Dr. Gloria Cronin, "Modernity in Black and White: Primitivist Modernism"

This course will be about the influence of race (whiteness and blackness) on the aesthetic, cultural, and political dimensions of Modern American Literature. This means understanding Primitivism, a major racial narrative of transatlantic modernism. Hence we will study modern anthropology, eugenics, ethnography, African artifacts, white fascination with African masks, Jazz, the Josephine Baker and the primitive black body, plus African American folk culture. We will also study the Edgar Rice Burroughs production of Tarzan, the photography of Michael Leiris, and the modernist fascination with the American South West. Our task will be to identify how these formations play out our texts, paintings, and photographs. We will end with Blackness speaking back to Primitivism, sometimes appropriating for its own purposes, always rejecting it.

Dr.
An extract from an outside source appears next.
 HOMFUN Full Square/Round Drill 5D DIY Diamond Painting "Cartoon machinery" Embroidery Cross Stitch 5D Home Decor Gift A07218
Nick Mason, "The Coming and Going of Print Culture"

This section will study how literature has responded to the two most significant ruptures in human communications of the past 300 years--namely, the eighteenth-century rise of print culture and the current transition from print to electronic media. What anxieties and hopes were widely manifested in the early phases of print culture and how have many of these same emotions reemerged with the rise of modern electronic media? How did the proliferation of the printed word change human cognitive abilities and what brain functions might we lose in a post-print age? How has literature already begun adapting to the decline of print and what sorts of changes might we expect in the generation ahead? These and a range of connected questions will drive our class discussions and the research projects students will complete by semester's end. In addition to a range of literary texts, we will also read Finkelstein and McCleery’s Introduction to Book History, Striphas's The Late Age of Print, and Hayles's Electronic Literature: New Horizons for the Literary.

Dr. Stephen Tuttle, "The Literature of the Fantastic"

The Fantastic is a borderline literature that inhabits a space between two genres. On one hand there are stories of the strange but true, and on the other there are marvelous stories and exist outside the world as we know it. Fantastic literature keeps the reader guessing for as long as possible, asking us to question what is real and what is imagined, what is natural and what is supernatural. We will begin this course by reading Tzvetan Todorov's important theoretical definition of the genre, and then examine fictions that attempt to blur the line between scientific and supernatural explanations of the unexplainable. Our readings will center on the 19th century when ghosts, monsters, doubles, and weird science gain a particularly strong foothold in popular literature.